Task item: If an entry holds a picture, leave the picture out and copy the rest exactly.

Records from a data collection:
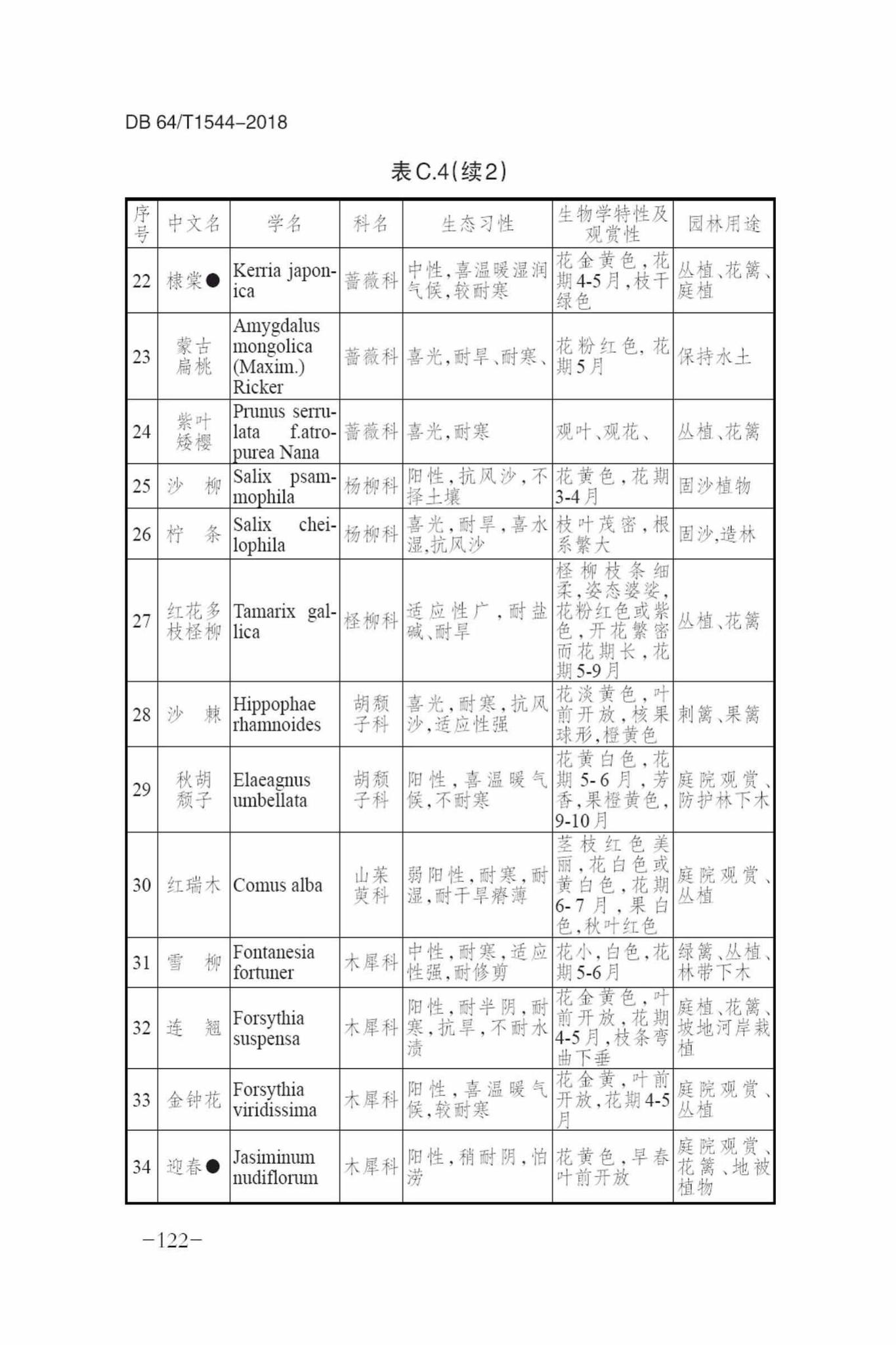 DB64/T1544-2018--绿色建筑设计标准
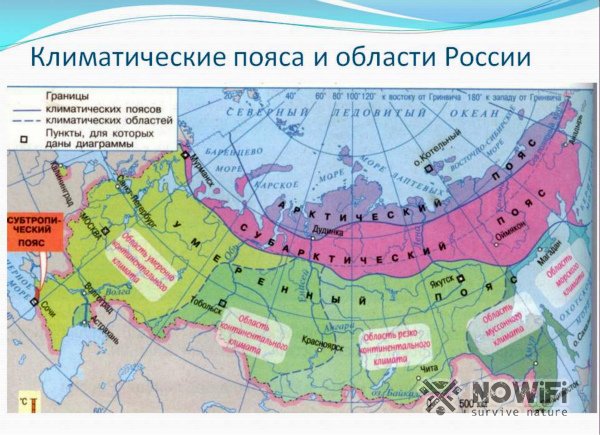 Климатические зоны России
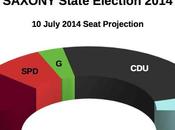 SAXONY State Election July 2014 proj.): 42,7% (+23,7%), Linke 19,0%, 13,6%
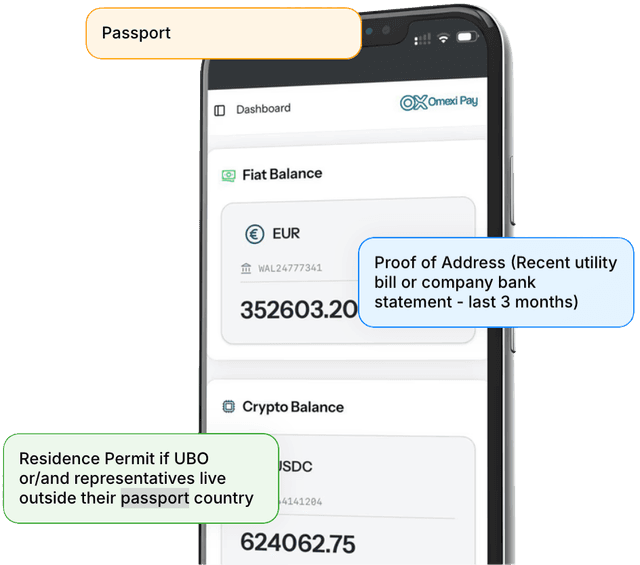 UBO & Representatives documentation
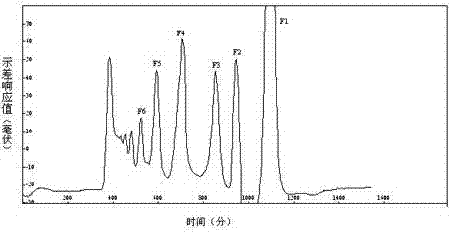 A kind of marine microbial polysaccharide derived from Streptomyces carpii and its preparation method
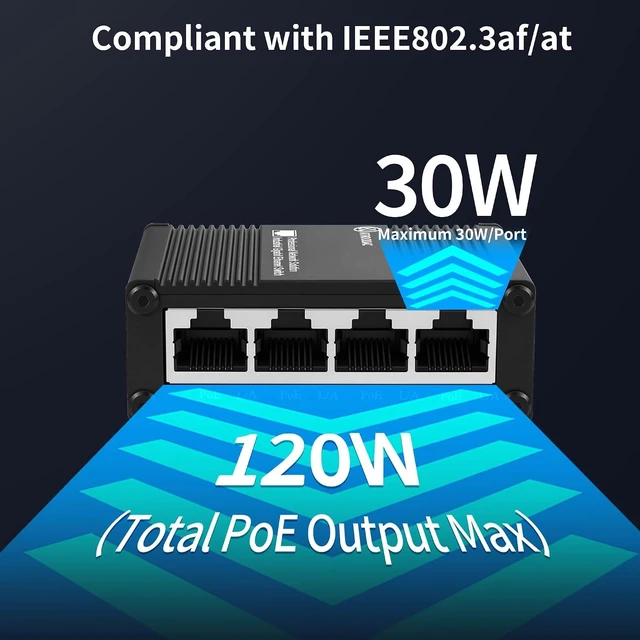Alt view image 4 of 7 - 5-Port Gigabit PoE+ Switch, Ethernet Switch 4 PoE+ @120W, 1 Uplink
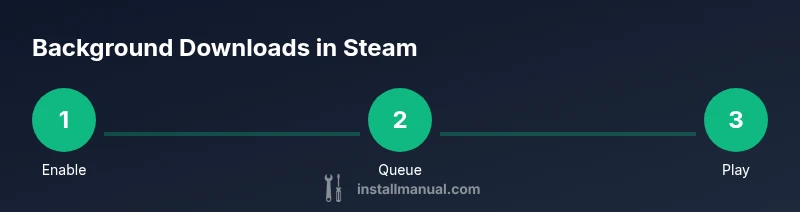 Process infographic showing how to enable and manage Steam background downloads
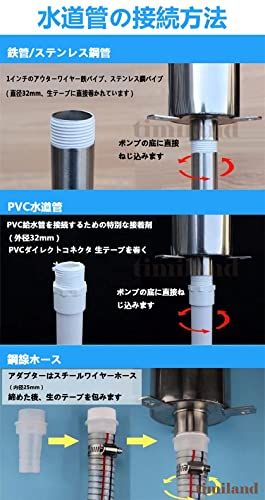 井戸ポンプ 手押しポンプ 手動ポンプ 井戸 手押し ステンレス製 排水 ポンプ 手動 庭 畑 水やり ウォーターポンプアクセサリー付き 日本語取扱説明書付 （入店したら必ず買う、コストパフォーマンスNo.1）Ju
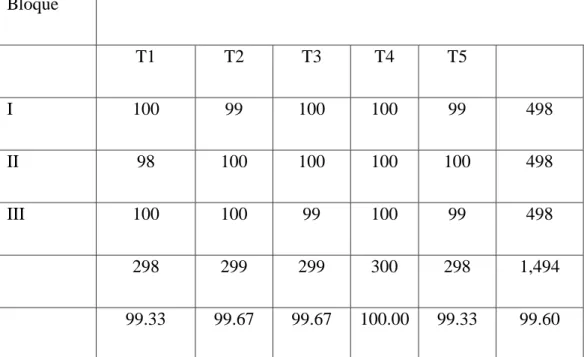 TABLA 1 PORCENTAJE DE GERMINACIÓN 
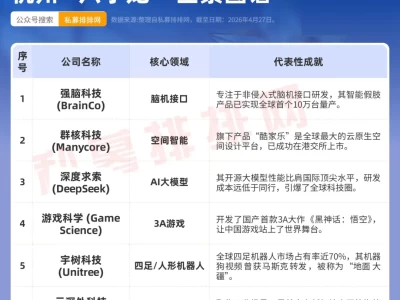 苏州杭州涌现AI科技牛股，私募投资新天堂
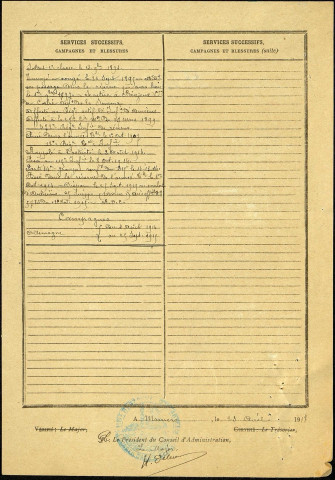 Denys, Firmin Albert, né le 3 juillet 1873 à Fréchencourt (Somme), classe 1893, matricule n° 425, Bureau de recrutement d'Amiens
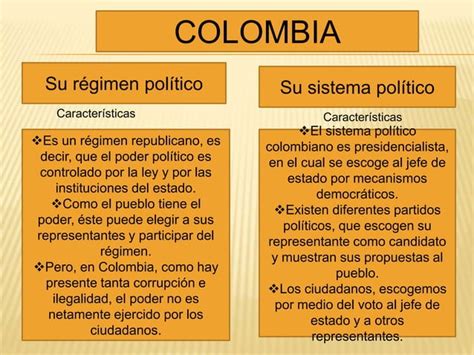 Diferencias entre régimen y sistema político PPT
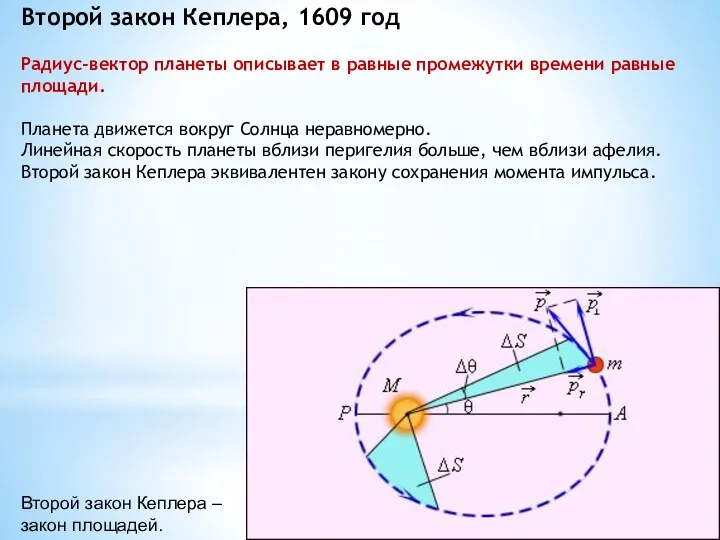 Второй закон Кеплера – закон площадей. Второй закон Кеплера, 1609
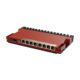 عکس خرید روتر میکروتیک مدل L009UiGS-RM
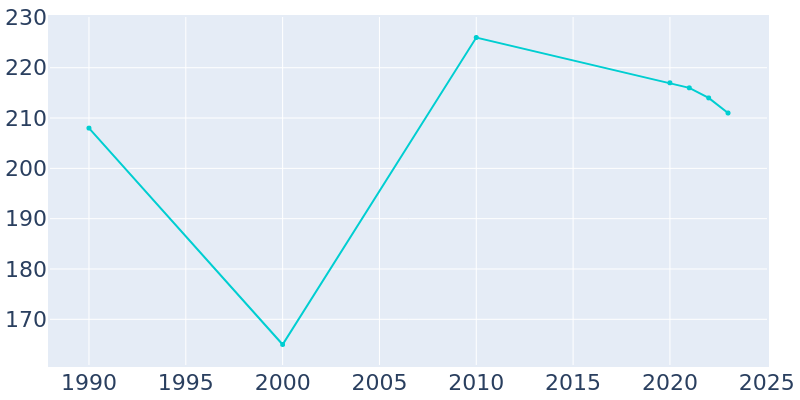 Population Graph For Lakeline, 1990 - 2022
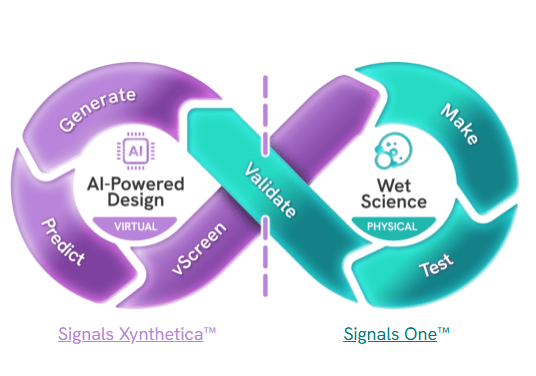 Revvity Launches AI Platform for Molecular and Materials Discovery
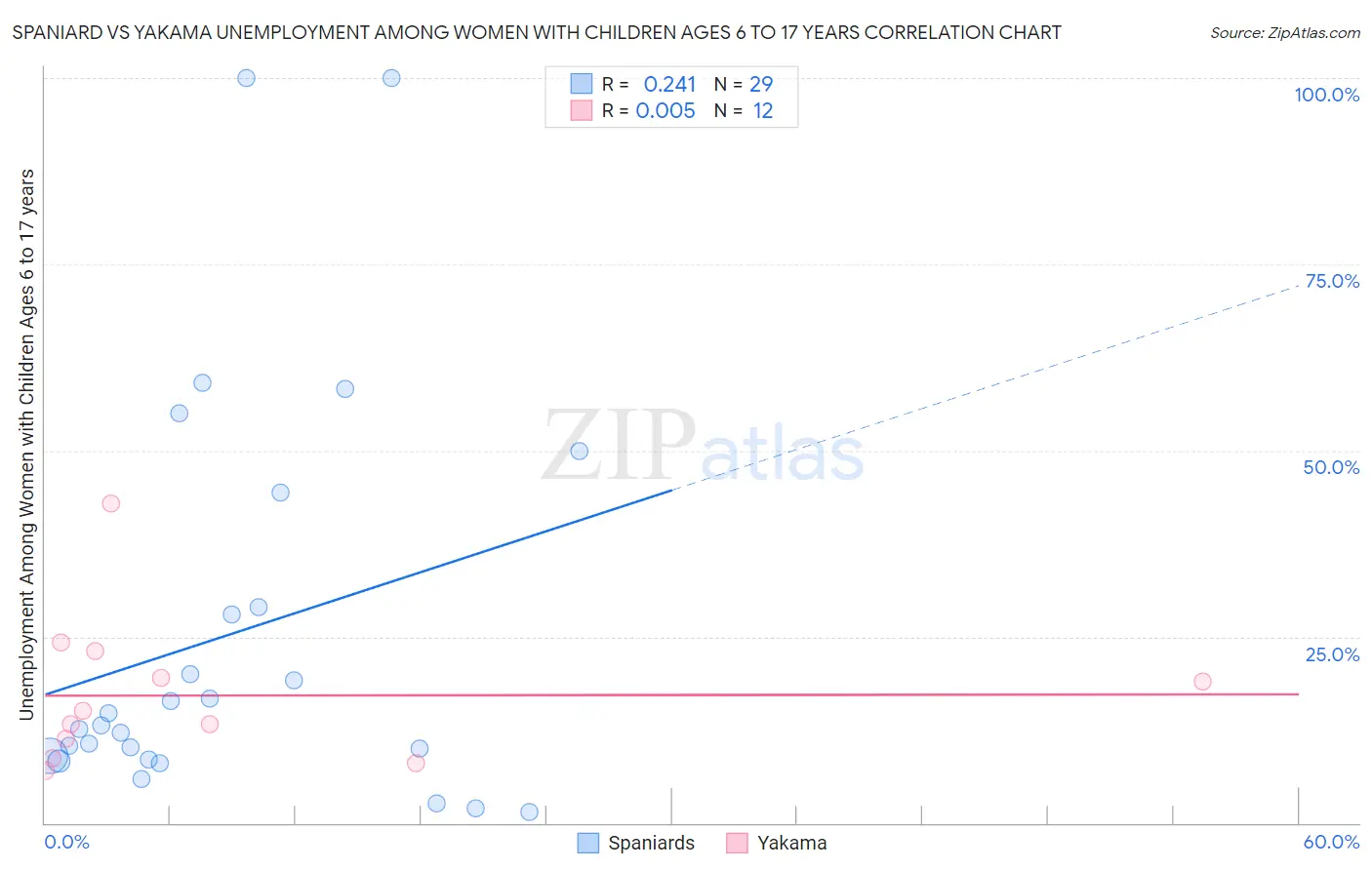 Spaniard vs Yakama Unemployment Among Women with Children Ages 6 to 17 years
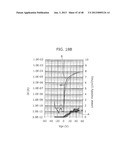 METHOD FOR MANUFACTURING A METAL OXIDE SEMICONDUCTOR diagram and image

Solved problem:
 DB64/T1544-2018--绿色建筑设计标准
 Климатические зоны России
 SAXONY State Election July 2014 proj.): 42,7% (+23,7%), Linke 19,0%, 13,6%
 UBO & Representatives documentation
 A kind of marine microbial polysaccharide derived from Streptomyces carpii and its preparation method
Alt view image 4 of 7 - 5-Port Gigabit PoE+ Switch, Ethernet Switch 4 PoE+ @120W, 1 Uplink
 Process infographic showing how to enable and manage Steam background downloads
 井戸ポンプ 手押しポンプ 手動ポンプ 井戸 手押し ステンレス製 排水 ポンプ 手動 庭 畑 水やり ウォーターポンプアクセサリー付き 日本語取扱説明書付 （入店したら必ず買う、コストパフォーマンスNo.1）Ju
 TABLA 1 PORCENTAJE DE GERMINACIÓN 
 苏州杭州涌现AI科技牛股，私募投资新天堂
 Denys, Firmin Albert, né le 3 juillet 1873 à Fréchencourt (Somme), classe 1893, matricule n° 425, Bureau de recrutement d'Amiens
 Diferencias entre régimen y sistema político PPT
 Второй закон Кеплера – закон площадей. Второй закон Кеплера, 1609
 عکس خرید روتر میکروتیک مدل L009UiGS-RM
 Population Graph For Lakeline, 1990 - 2022
 Revvity Launches AI Platform for Molecular and Materials Discovery
 Spaniard vs Yakama Unemployment Among Women with Children Ages 6 to 17 years
 METHOD FOR MANUFACTURING A METAL OXIDE SEMICONDUCTOR diagram and image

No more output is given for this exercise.